Oracle SQL | Random thoughts on block sizes

I heard “Oracle only tests on 8k and doesn’t really test 16k”

I heard someone assert that one reason you should only use 8k block sizes is that, and I quote, “Oracle only tests on 8k and doesn’t really test 16k”. I tried googling that rumour and tracked it back to AskTom. Also as disks and memory get bigger and CPUs get faster it is natural to ask if 8k is now “too small”.

So here are my thoughts:

1. A quick scan of the data layer regression tests showed a very large number running on 16k blocks

2. Oracle typically runs it DW stress tests on 16k blocks

So, clearly, the assertion is untrue but I did spot some areas where 32k testing could be improved. I also added a note to AskTom clarifying testing on 16k.

Does this mean I should look at using 16k blocks for me DW

Whoa, not so fast. Just because table scans typically run slightly faster on 16k blocks and compression algorithms typically get slightly better compression on 16k blocks does not mean your application will see improvements

1. Multiple block sizes mean added work for the DBA

2. Databases do a lot more than just scan tables – e.g. row based writes and reads could perform worse

3. Most apps have low hanging fruit that will give you far better ROI on your time than worrying about block sizes (if you don’t believe me, attend one of Jonathan Lewis’s excellent index talks).

Most applications run fine on 8k because it is a good trade off between different access paths and, in general, 8k is still the right choice for most applications.

What about ‘N’ row pieces

In general Oracle’s block layout tries to ensure row pieces are split on column boundaries but in the case of very wide columns we will split in the middle of a column if too much space would be wasted by aligning with column boundaries. When a column is split in the middle it creates what is known as an ‘N’ row piece.

Rows are split by default at 255 column boundaries assuming the row piece fits in the block If you have a table with very wide rows or some very wide inline columns, smaller block sizes will result both in rows being split more often and in columns being split in the middle. At a minimum the number of block gets to retrieve a single row will likely increase. This is one case to consider where a 16k block size may be worth investigating.
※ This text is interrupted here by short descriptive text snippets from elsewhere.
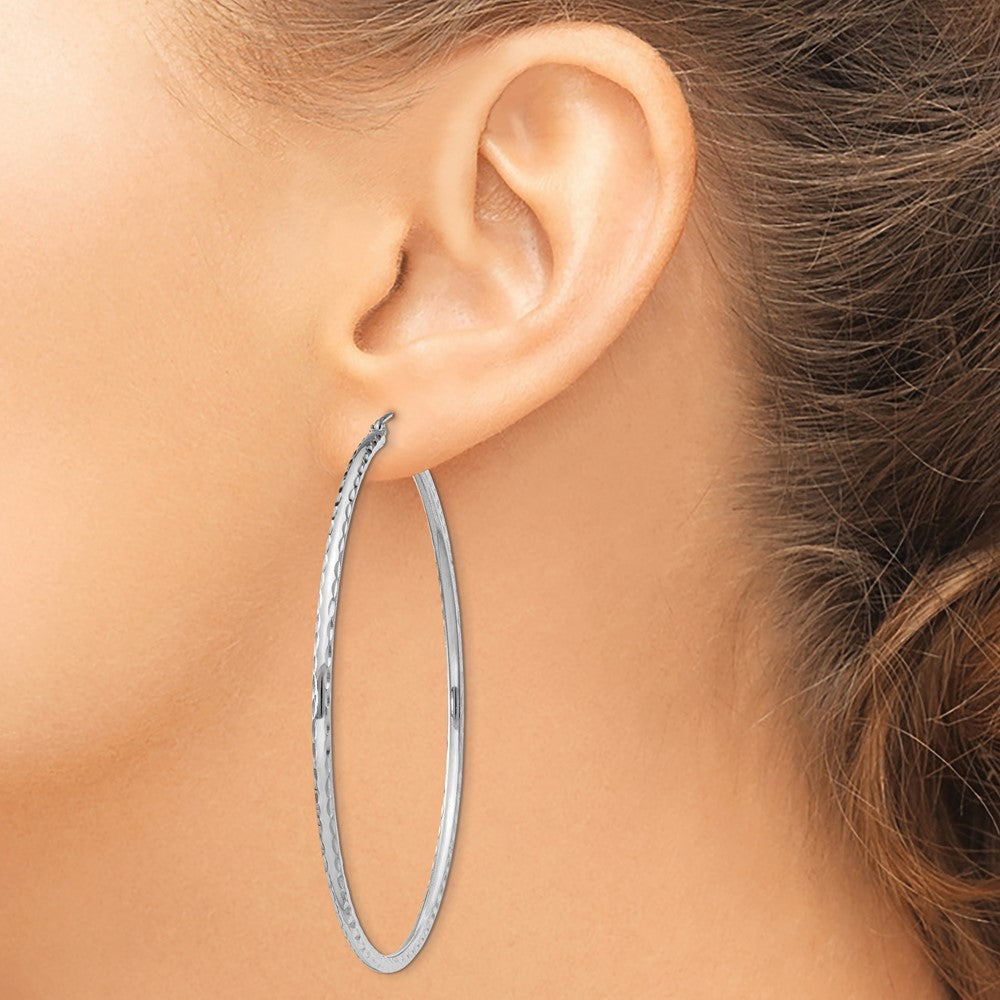 Sterling Silver Rhodium-Plated 2mm Diamond Cut Hoop Earrings
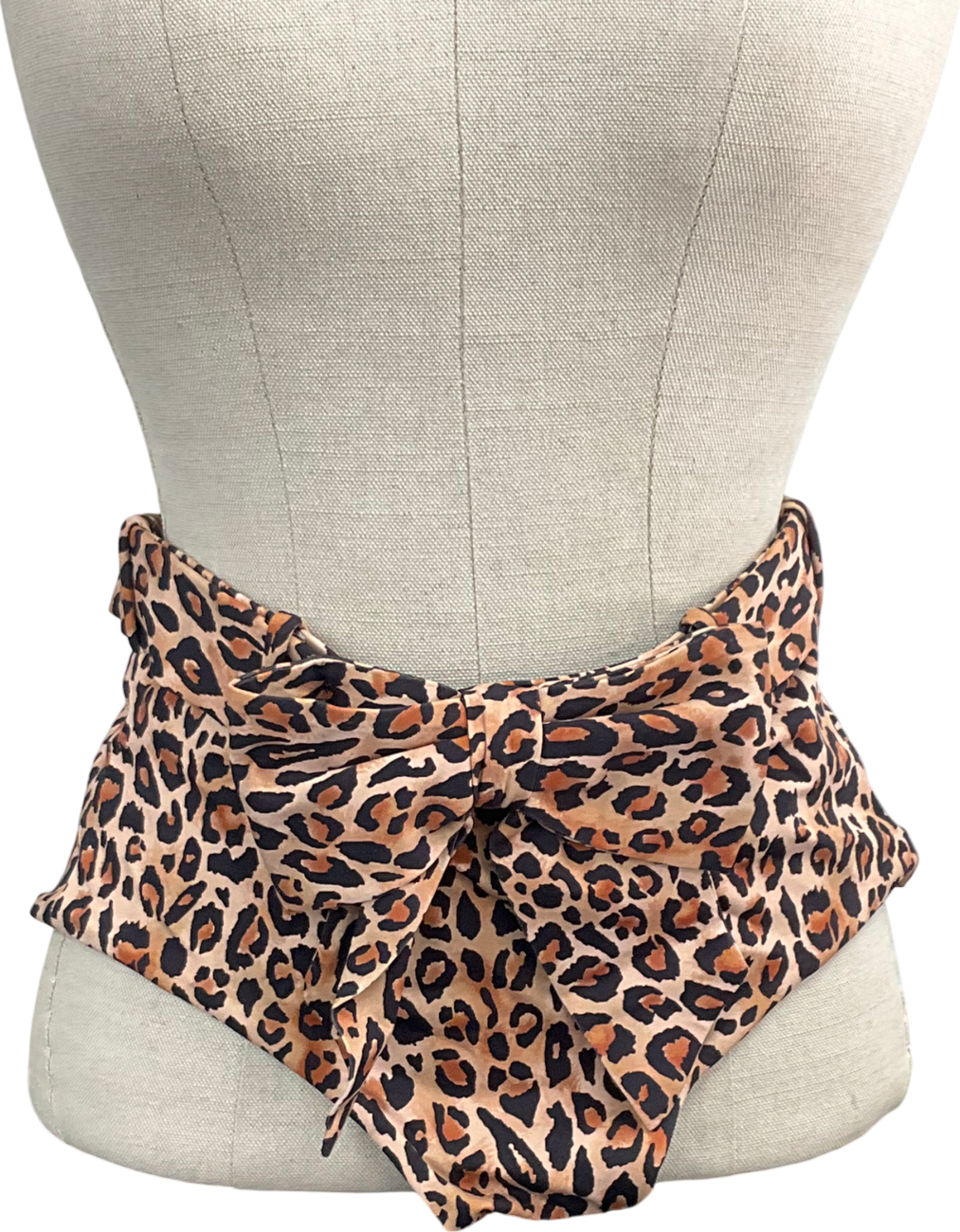 Arabella London Brown Leopard Print Bow Full Brief Bikini Bottoms UK 8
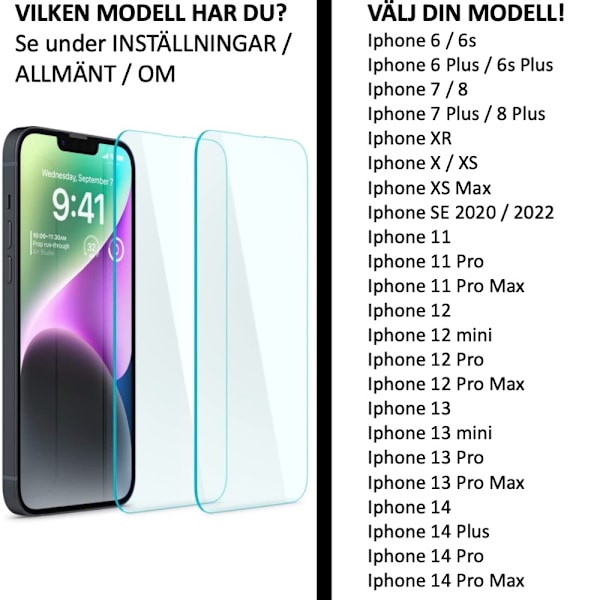 2st skärmskydd Iphone 14/13/12/11/SE/XR/X/8/7/6 pro/mini/plus - Transparent iPhone 6 Plus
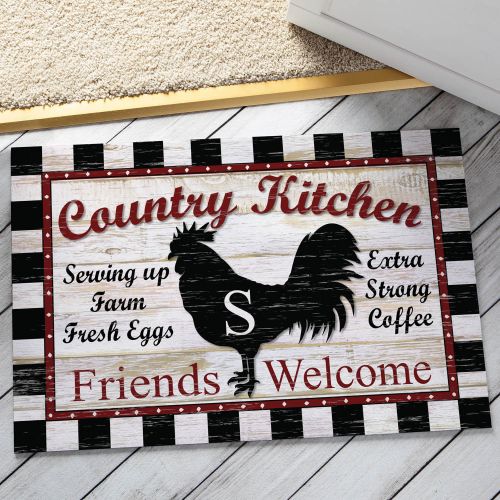  D.I.D. 1 Piece 18 x 27 Black Red White W Initial Country Kitchen Rooster Area Mat Rectangle, Indoor Checkered Chicken Hen Floor Mat, Animal Checkered Pattern Abstract New Home Contemporar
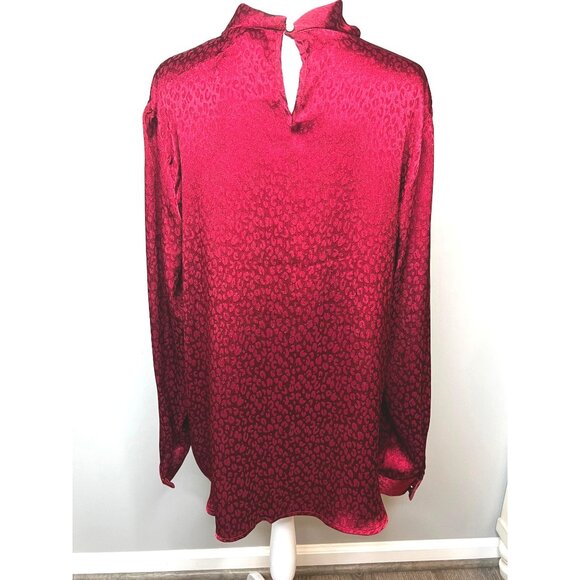 Roz & Ali Womens Red Leopard Print Long Sleeve Blouse Size Large - Picture 5 of 14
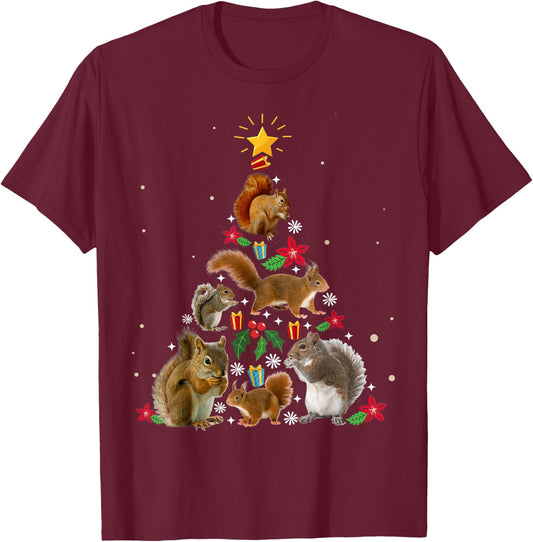 Squirrel Christmas Tree Shirt T-Shirt - T-Shirt | Maroon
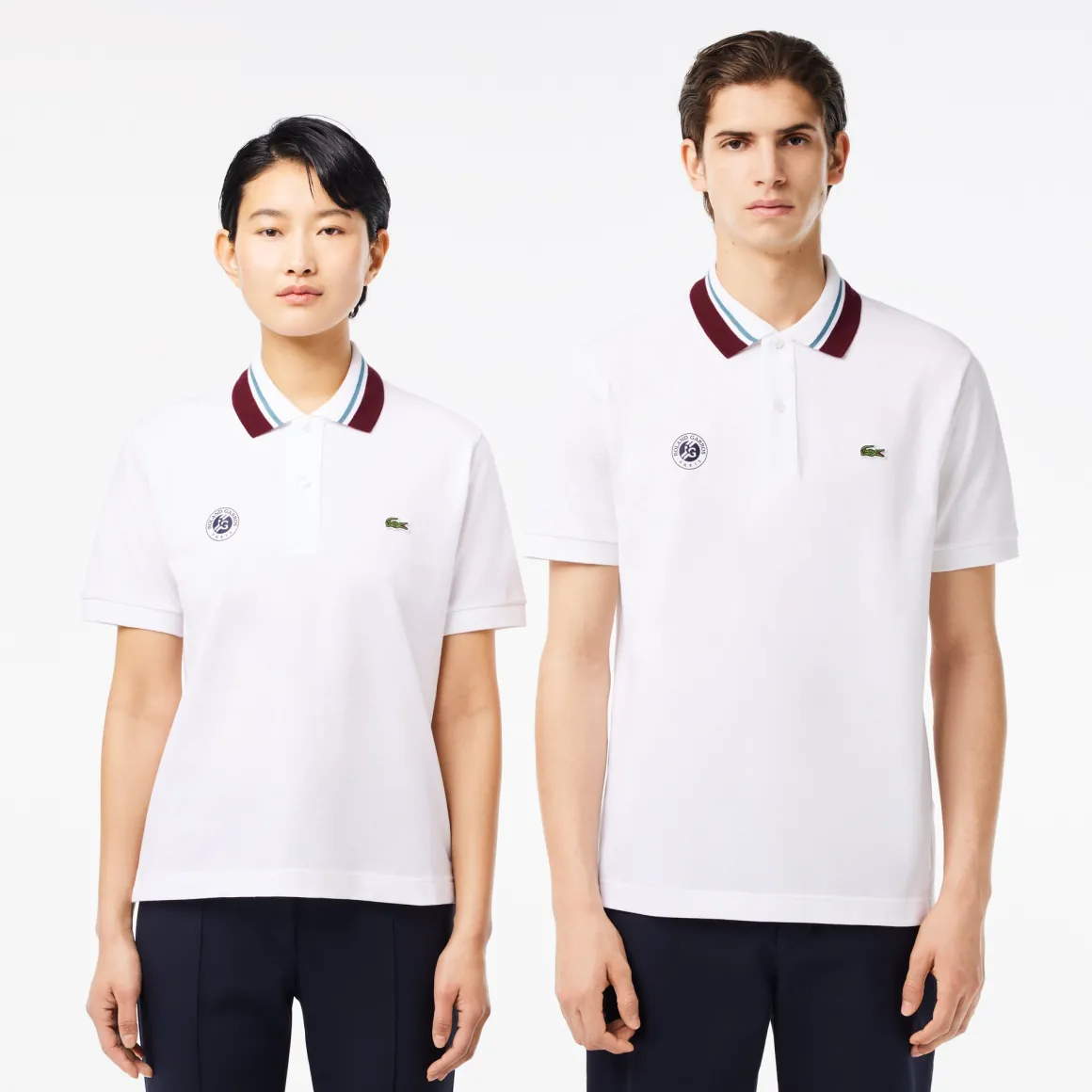 Roland-Garros Tenue De Tennis Femmes | Tenues De Tennis Femmes-Polo Arbitre unisexe Lacoste x - Blanc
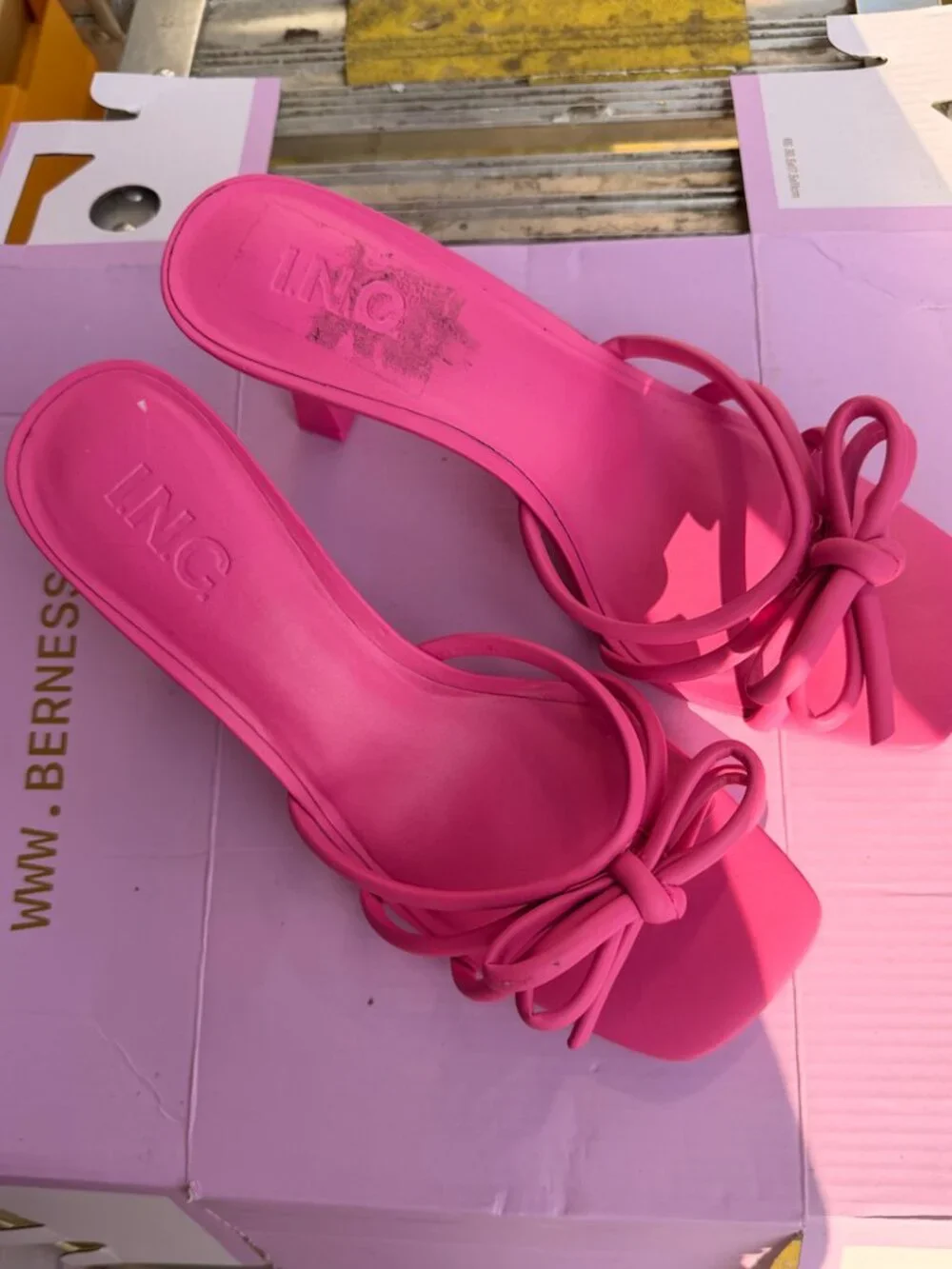 INC International Concepts Hot Pink Strappy Bow Mule Heels | Size 8.5
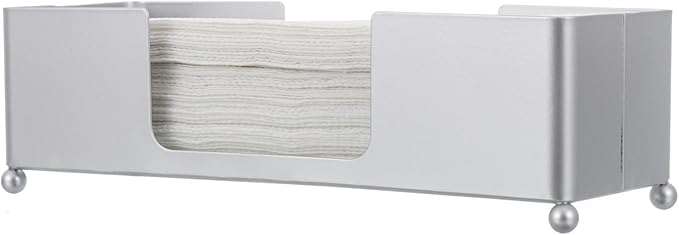 MyGift Paper Towel Holder, Modern Silver Tone Metal Tabletop Paper Dispenser, Commercial Folded Paper Tray for Guest Bathroom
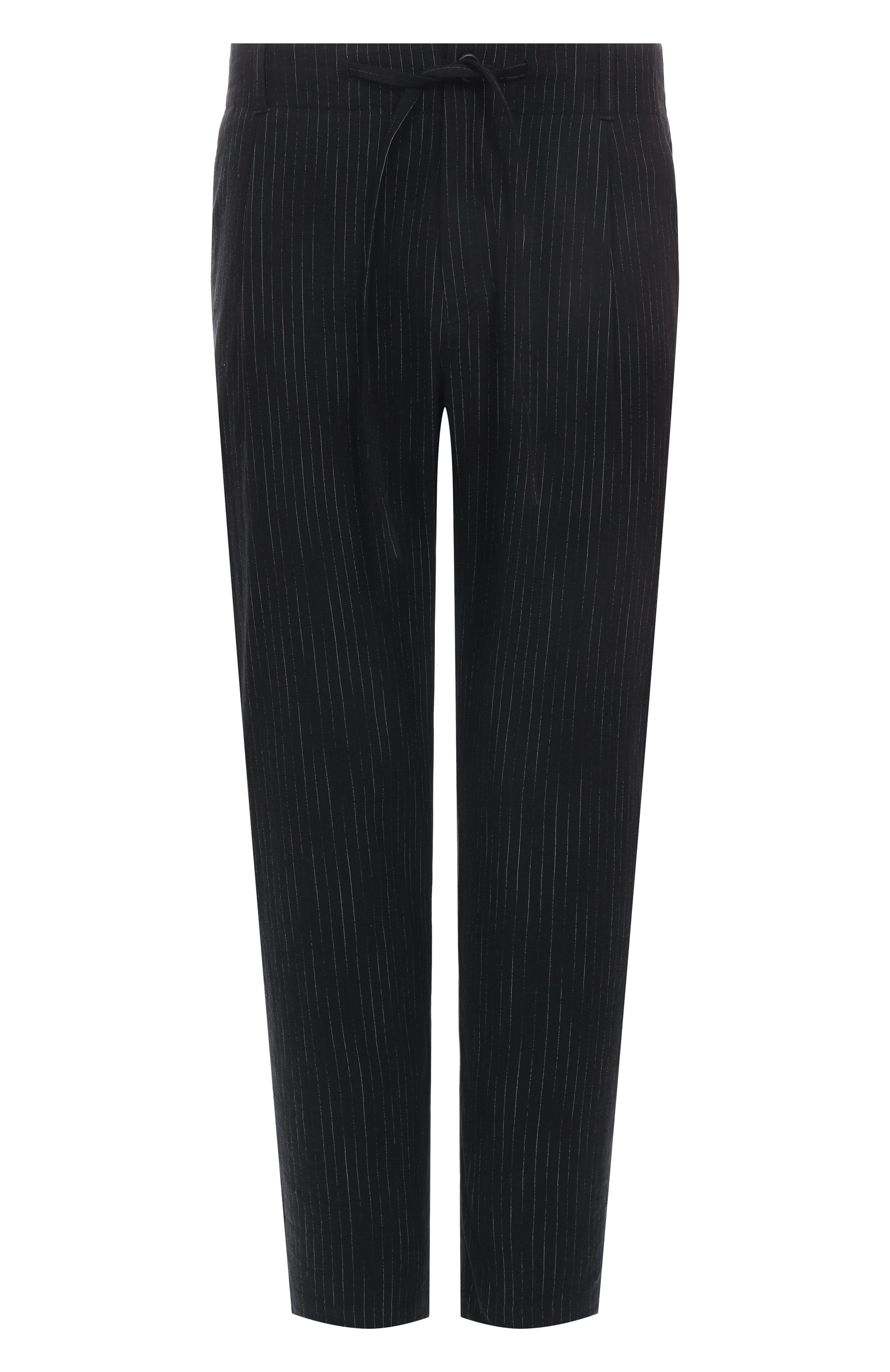 Брюки из хлопка и льна HANNES ROETHER черного цвета по цене 49200 руб., арт. PA21DRE.5111/, фото 1 Брюки из хлопка и льна HANNES ROETHER, арт. PA21DRE.5111/, фото 1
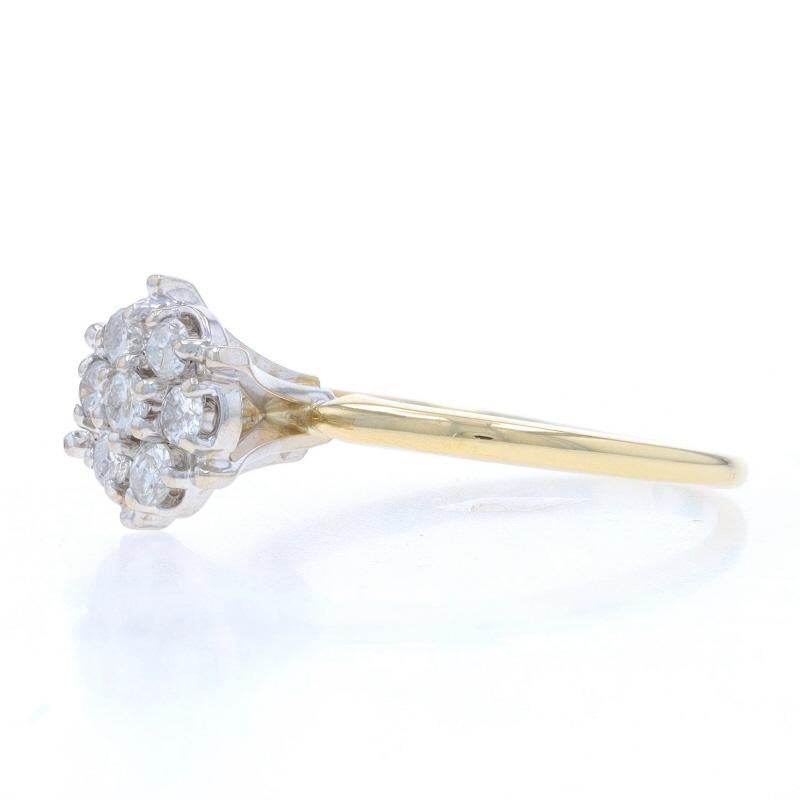 Gelbgold Diamant Cluster Verlobungsring - 14k Runde Brillant .25ctw Floral im Zustand „Hervorragend“ in Greensboro, NC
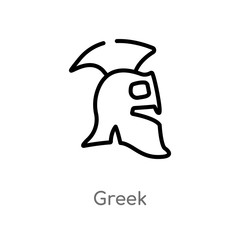 outline greek vector icon. isolated black simple line element illustration from history concept. editable vector stroke greek icon on white background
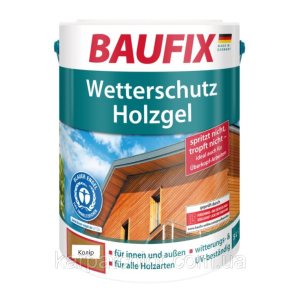 Гелева водорозчинна блакить для дерева BAUFIX Wetterschutz Holzgel (5 л) Палісандр ТОП в Ужгороді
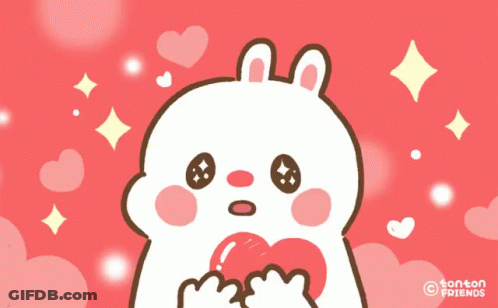 Cartoon Bunny Holding Heart Tonton Friends GIF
The curious case of 70X compression

We had case of a customer legitimately point out that ZLIB would give much better than 70X compression on his very repetitive data but COMPRESS FOR QUERY HIGH was stuck at 70X. And, as it turns out, this is a factor of block size.

Hybrid Columnar Compression (HCC) takes up to 8 MB of raw data and compresses it down to one CU (Compression Unit) subject to row limits depending on compression type. For example COMPRESS FOR ARCHIVE LOW (which is also ZLIB) is limited to 8,000 rows in a CU. But there is another limit which you may deduce from block dumps which is that HCC will only allow one head piece row per block because HCC rowids are the RDBA of the head piece plus the row offset into the CU. So if you have incredibly compressible data where 8,000 rows compress down to less 16k moving to a larger block size can be bad news because you will end up with wasted space at the end of each block.

Summary

There are typically better things to spend time on than worrying about block size but if you wish to run your DW on 16k blocks they are thoroughly tested just like 8k blocks are.